Tchiani met with a team led by Bala Lau, the national leader of Jam’atul Izalatu Bida Waikamatu Sunnah, during an hours-long session in Niger’s capital, Niamey.
The Islamic scholars traveled to Niger on behalf of Nigerian President Bola Tinubu, who agreed to resolve the conflict.
According to a statement made by Lau today the conversations focused on a variety of problems, including the Economic Community of West African States’ (ECOWAS) demand for the reinstatement of democratically elected President Bazoum.
Tchiani expressed concern that ECOWAS had not heard the junta’s perspective before issuing ultimatums, and emphasized the coup’s intention to thwart a rising threat to both Niger Republic and Nigeria.
Tchiani stated, “Our doors are open to explore diplomacy and peace as a means of resolving the matter.”
He acknowledged the coup’s purpose and apologised for not according proper attention to the delegation previously sent by President Tinubu.

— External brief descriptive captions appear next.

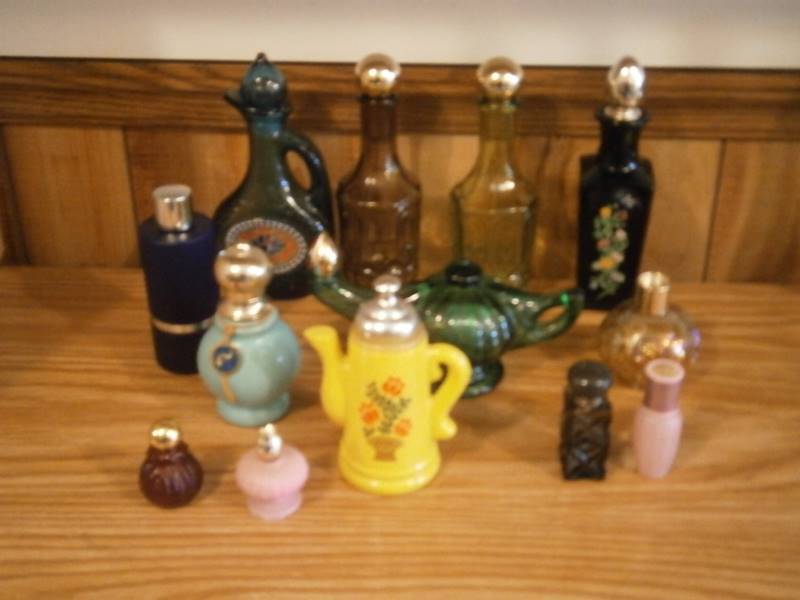 lot 37 image: (13) Avon Decanters (empty)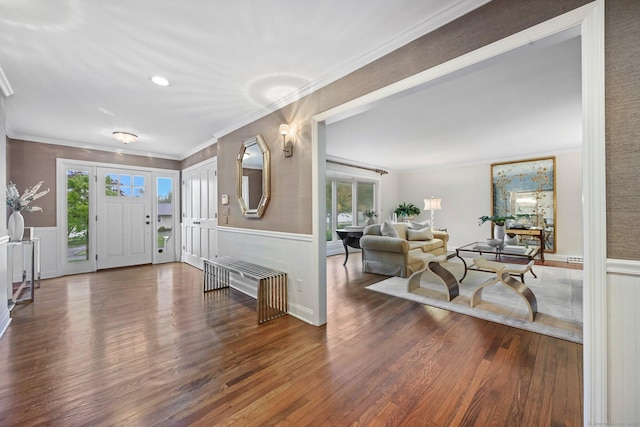 foyer featuring crown molding, wood finished floors, and wainscoting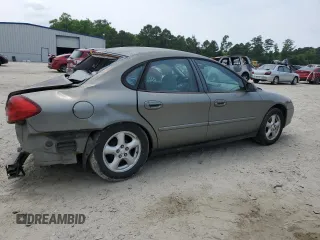 2002 Ford Taurus SES Standard with VIN 1FAFP55U42A184084, listed as a Copart auction lot 59822495 with 124,835 mi miles and Salvage title. Bid and sale history available at DreamBid. Image 3.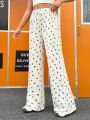 SHEIN Qutie Loose And Cute Footprint Printed Ladies' Pants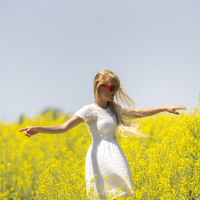 Woman spinning joyfully in a field of flowers.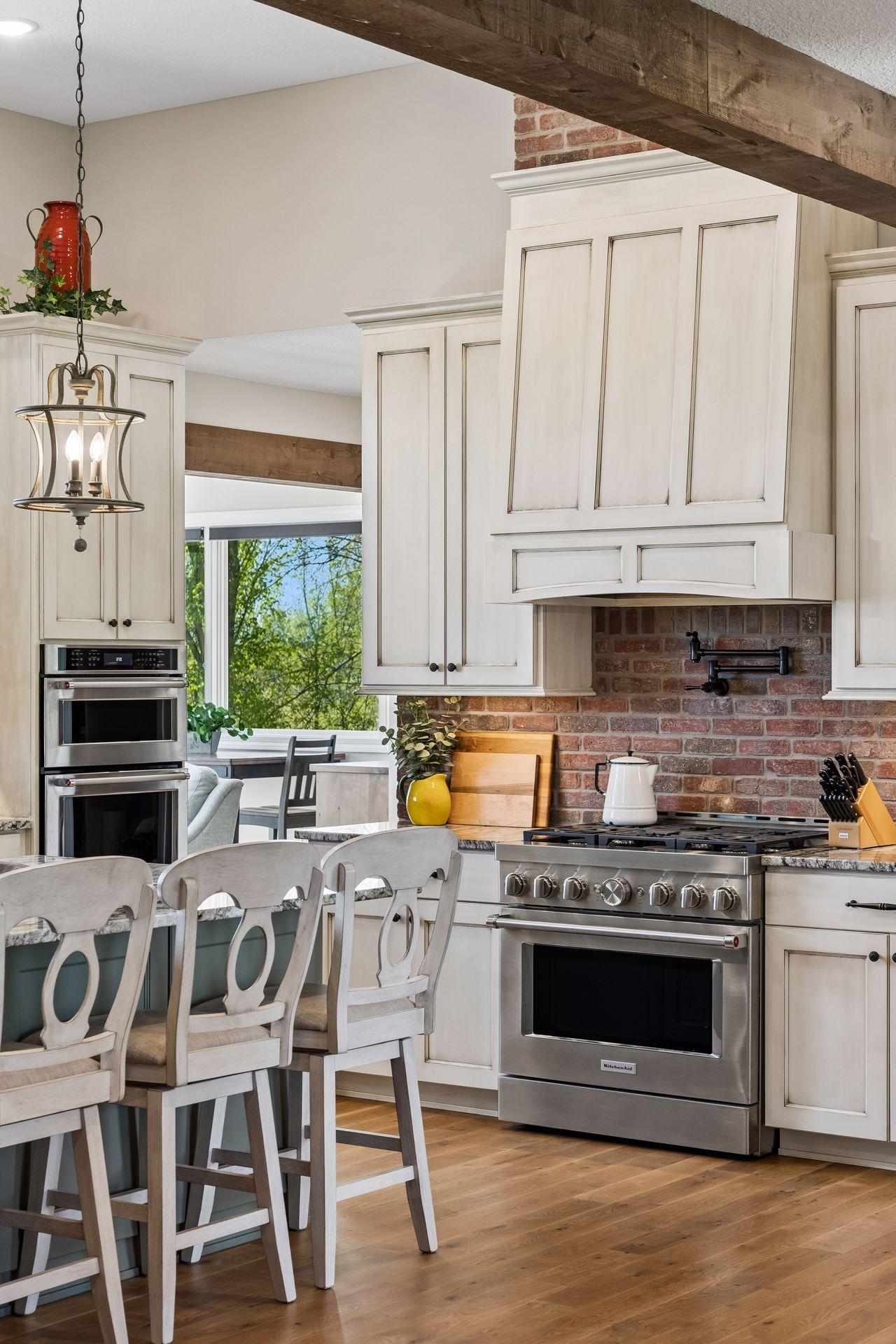 High-end kitchen finishes include custom cabinetry, a brick backsplash, stainless appliances, and thoughtful design details that bring warmth and function to the space.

He cited ECOWAS’ ultimatum as a contributing factor to the tensions.
When questioned about the junta’s stance on dialogue, Niger’s prime minister, Ali Mahamane Lamine Zeine, appointed by the junta, stated, “Yes, for sure.
The prime minister went on to call the ECOWAS penalties “an injustice,” arguing that they breached the bloc’s laws.
He expressed optimism that the talks with ECOWAS would result in a resolution lifting the sanctions, and emphasized that the junta was committed to seeking peaceful solutions to the situation.
As diplomatic efforts continue, the entire community waits to see if the junta and ECOWAS can establish an agreement that will lead to regional stability.